Kuaotunu Beach was another impromptu stop on our travels. We were driving from the east of the Coromandel peninsular where we were staying in Whitianga over to the west of the peninsular to the town of Coromandel itself. 

We hadn’t been driving for very long, winding our way around the twists and turns of the spectacular coastline, when we rounded a corner and the road suddenly opened up into a stunning bay.

The weather didn’t seem to be with us today. The wind had picked up, and the sky was thick with dark angry clouds.

Every now and then however, the clouds opened up just long enough to send a column of golden sun rays down onto the ocean beneath. It was only for a few seconds before the sunlight was swallowed up once again by the thick cloud.

As we drove closer to the bay, still winding along the coastline, there seemed to be a larger break in the clouds in a number of places which allowed the sun to break through and linger for a few moments, completely changing the scene before us. It created the most magnificent blue green colour on the water in small patches compared with the rest of the ocean which was a flat grey colour. This coupled with the drastically mixed colours of the clouds in the sky created the most fantastic scene, such a contrast of light and shows, colours and moods. I couldn’t pass it by without stopping to get a few photos. 

We pulled into a lay-by and I quickly rushed grabbed my camera equipment and rushed down onto rocks beyond the beach.

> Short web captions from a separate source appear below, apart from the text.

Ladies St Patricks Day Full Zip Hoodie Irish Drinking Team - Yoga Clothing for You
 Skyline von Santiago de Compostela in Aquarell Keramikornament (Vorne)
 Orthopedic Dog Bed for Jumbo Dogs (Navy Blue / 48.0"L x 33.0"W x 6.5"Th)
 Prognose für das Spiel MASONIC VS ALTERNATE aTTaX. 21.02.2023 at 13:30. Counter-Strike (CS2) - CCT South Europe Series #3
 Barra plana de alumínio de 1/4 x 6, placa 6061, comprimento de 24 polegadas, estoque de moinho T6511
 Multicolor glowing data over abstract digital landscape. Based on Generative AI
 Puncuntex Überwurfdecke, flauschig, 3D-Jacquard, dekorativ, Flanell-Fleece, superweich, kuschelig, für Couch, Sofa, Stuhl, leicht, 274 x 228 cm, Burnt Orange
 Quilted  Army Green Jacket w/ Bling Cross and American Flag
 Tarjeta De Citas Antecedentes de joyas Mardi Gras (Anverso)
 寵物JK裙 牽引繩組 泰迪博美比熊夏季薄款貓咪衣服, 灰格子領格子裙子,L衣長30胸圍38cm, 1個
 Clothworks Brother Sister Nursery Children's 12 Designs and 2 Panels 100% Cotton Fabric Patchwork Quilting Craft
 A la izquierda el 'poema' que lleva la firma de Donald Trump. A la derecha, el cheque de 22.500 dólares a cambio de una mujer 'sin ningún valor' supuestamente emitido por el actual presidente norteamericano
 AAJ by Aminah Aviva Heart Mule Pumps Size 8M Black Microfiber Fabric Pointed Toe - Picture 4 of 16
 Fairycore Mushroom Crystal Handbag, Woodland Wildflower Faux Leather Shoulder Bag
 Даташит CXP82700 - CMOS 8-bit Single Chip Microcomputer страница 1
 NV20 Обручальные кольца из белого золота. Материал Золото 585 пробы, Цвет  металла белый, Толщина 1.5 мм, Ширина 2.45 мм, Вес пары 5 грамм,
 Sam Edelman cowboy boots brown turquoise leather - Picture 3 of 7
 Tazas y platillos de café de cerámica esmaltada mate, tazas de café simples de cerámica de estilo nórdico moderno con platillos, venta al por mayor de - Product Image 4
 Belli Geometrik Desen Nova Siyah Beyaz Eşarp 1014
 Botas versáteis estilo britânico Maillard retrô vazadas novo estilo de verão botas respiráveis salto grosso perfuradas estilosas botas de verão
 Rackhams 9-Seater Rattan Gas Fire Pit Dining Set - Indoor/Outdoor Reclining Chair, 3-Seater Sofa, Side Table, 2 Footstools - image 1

I stayed for at least an hour or so taking photos. There was so much going on it really gave me the chance to try out a number of different techniques I had been reading about to try and capture every aspect of the scene I could. I was trying to maximise the drastically contrasting colours and lighting to reflect the atmosphere of the weather.

I also tried a few shots at a slower shutter speed to add some movement to the water. Given how bright it was I couldn’t slow the shutter too much, even with an ND filter on, so I slowed it as much as possible and took multiple shots so I could merge them together post processing.

The results I got weren’t exactly what I had hoped for. The sun spent more time hidden behind the clouds than it did shining through which wasn’t ideal for my photos. This means that the colour of the ocean wasn’t as strong and bright as I had wanted, and the light was off the scene as a whole wasn’t how I pictured it.

Still even with this slight inconvenience, I was happy with some of the results I achieved. it gave me the chance to play around with my camera a bit and experiment with different settings and features of the camera in a way which I hadn’t before. Plus, it was a nice way to spend an hour of the afternoon.

By the time I was done taking photos it was getting a bit late in the day and we still had a long hike back to where we had parked the car. The sun was also starting to move behind the cliffs at the back of the beach which meant the lighting completely changed for the worst which meant the photos were not what I was after. It also meant that it started to get pretty cold pretty quickly so at that point we decided to call it a day and start heading back. The Sauvignon Blanc was calling us anyway.